WORK REQUIRED: Give back every entry exactly; drop the pictures.

--

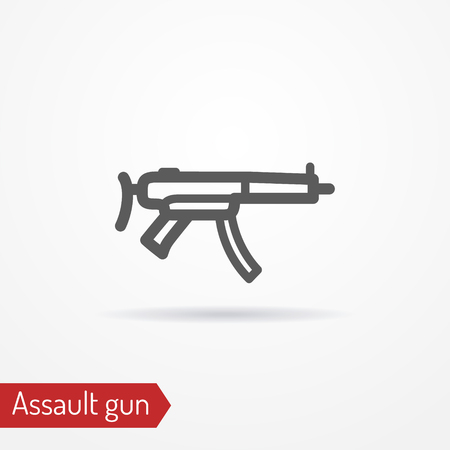 Compact assault weapon line vector iconのイラスト素材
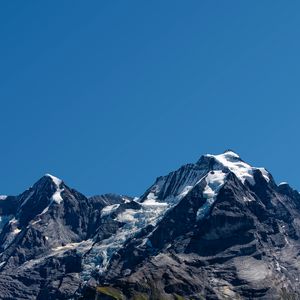 Preview wallpaper mountains, peaks, sky, cloudless, landscape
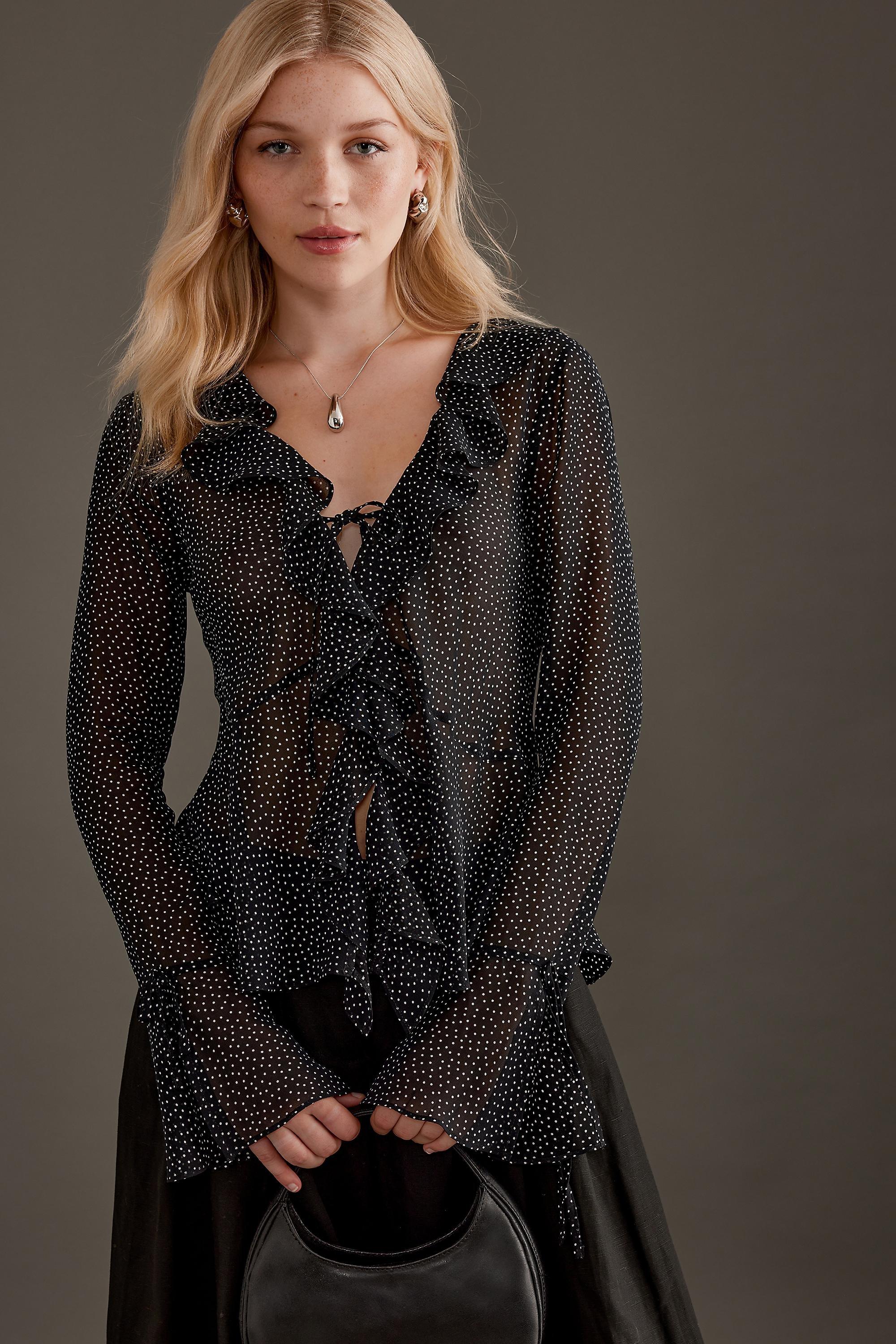 BLK Spot Ruffle Tie-Front Blouse, , large image number 0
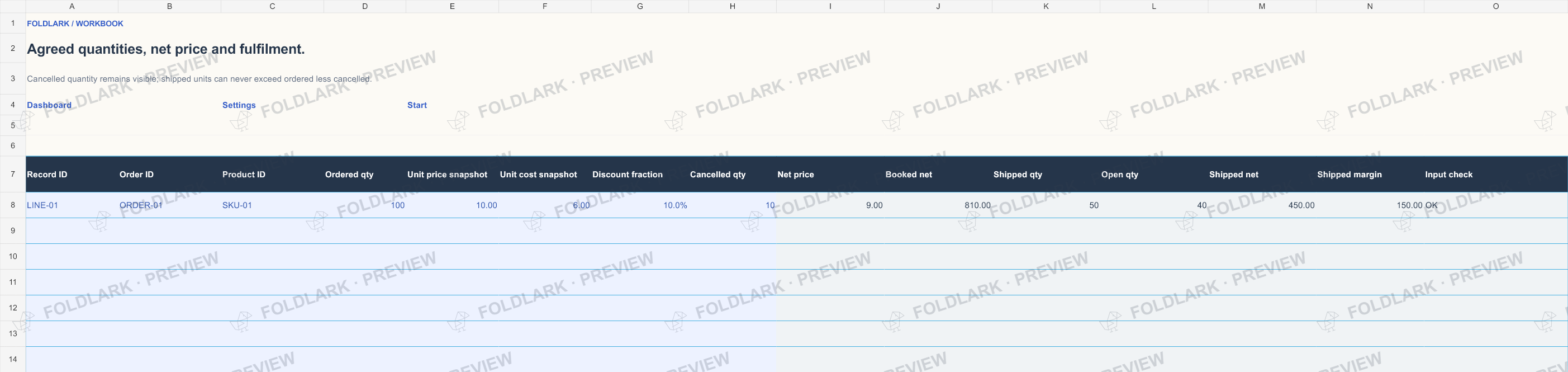 Order Lines: actual marked preview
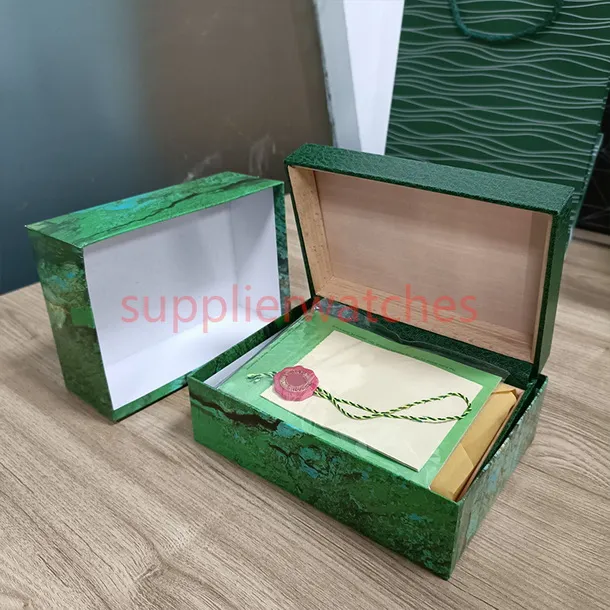 HJD GREEN CASES Quality Man Watch Wood Box Paper Bags Certificate Original Boxes For Tood Woman Watches Present Box Accessories Rol318W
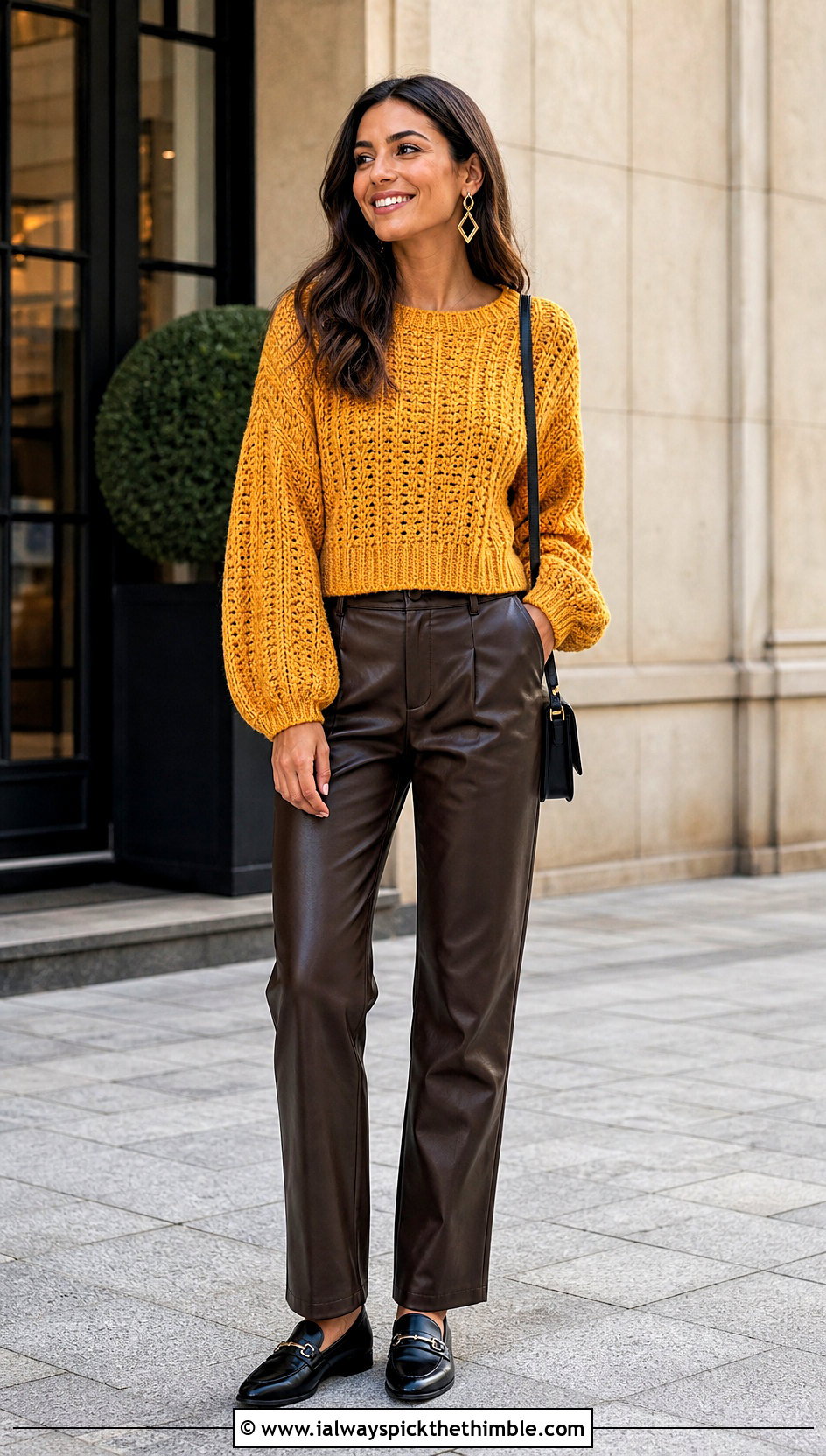 Balloon Sleeve Crochet Spring Sweater With Leather Pants - 25 crochet spring sweater outfit ideas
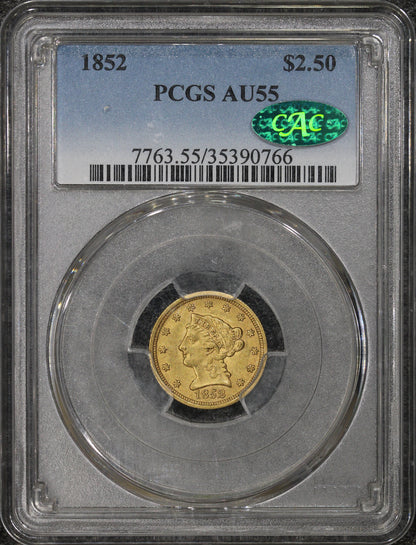 1852 (AU55 CAC) $2.50 Liberty Head Gold Quarter Eagle $2.5 PCGS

--

RESULT OF THIS EXERCISE:
 Compact assault weapon line vector iconのイラスト素材
 Preview wallpaper mountains, peaks, sky, cloudless, landscape
 BLK Spot Ruffle Tie-Front Blouse, , large image number 0
 Order Lines: actual marked preview
 HJD GREEN CASES Quality Man Watch Wood Box Paper Bags Certificate Original Boxes For Tood Woman Watches Present Box Accessories Rol318W
 Balloon Sleeve Crochet Spring Sweater With Leather Pants - 25 crochet spring sweater outfit ideas
 1852 (AU55 CAC) $2.50 Liberty Head Gold Quarter Eagle $2.5 PCGS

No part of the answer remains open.